#### Problem to solve:
Please copy out the entries below exactly, beginning with the line that contains "Es pocong adalah" and ending with the line that contains "Her smile brightens", and include nothing outside that span.

#### Data to use:
——————————

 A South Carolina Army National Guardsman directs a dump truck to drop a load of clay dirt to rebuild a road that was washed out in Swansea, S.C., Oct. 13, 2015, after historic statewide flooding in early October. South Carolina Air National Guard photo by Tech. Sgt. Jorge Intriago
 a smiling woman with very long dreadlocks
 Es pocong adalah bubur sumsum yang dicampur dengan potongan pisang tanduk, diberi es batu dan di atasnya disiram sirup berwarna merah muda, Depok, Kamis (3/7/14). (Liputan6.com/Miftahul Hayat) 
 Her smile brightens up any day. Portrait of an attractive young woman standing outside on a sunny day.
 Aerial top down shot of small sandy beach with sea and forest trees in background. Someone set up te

——————————

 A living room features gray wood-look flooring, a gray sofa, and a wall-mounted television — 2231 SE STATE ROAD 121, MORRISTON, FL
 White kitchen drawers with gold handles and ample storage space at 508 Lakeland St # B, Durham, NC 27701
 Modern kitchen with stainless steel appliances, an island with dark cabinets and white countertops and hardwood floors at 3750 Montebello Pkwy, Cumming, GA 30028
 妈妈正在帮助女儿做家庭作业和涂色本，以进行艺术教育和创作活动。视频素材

——————————

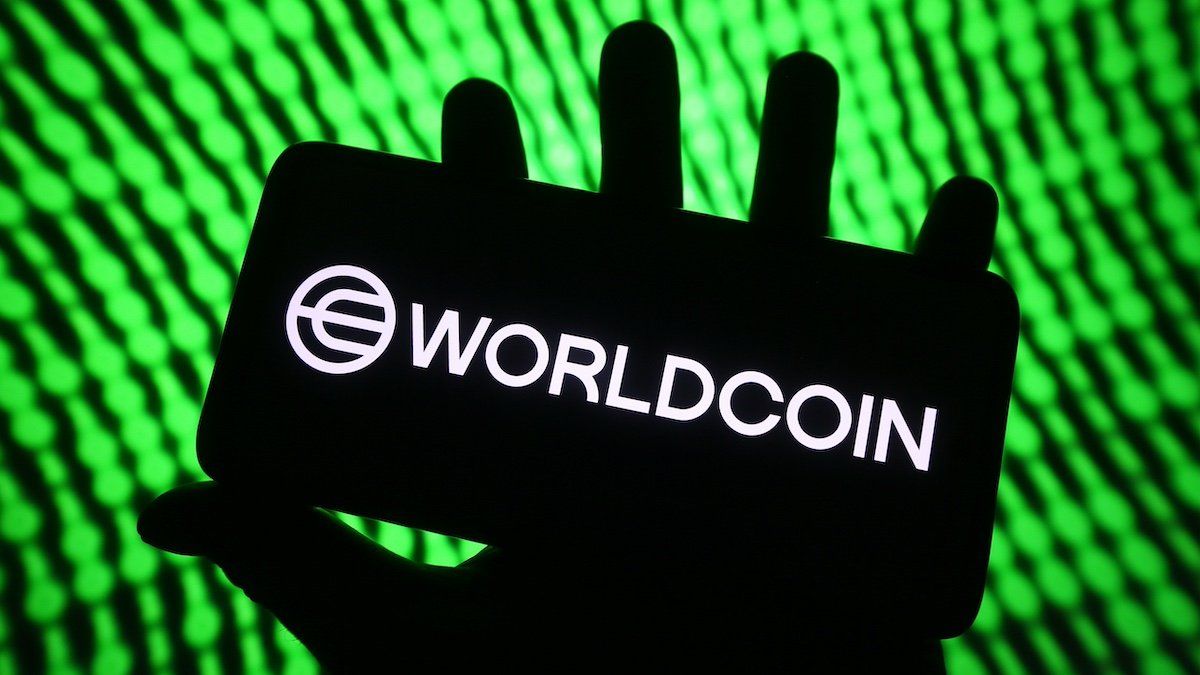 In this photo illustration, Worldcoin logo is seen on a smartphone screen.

——————————

#### Your solution:
 Es pocong adalah bubur sumsum yang dicampur dengan potongan pisang tanduk, diberi es batu dan di atasnya disiram sirup berwarna merah muda, Depok, Kamis (3/7/14). (Liputan6.com/Miftahul Hayat) 
 Her smile brightens up any day. Portrait of an attractive young woman standing outside on a sunny day.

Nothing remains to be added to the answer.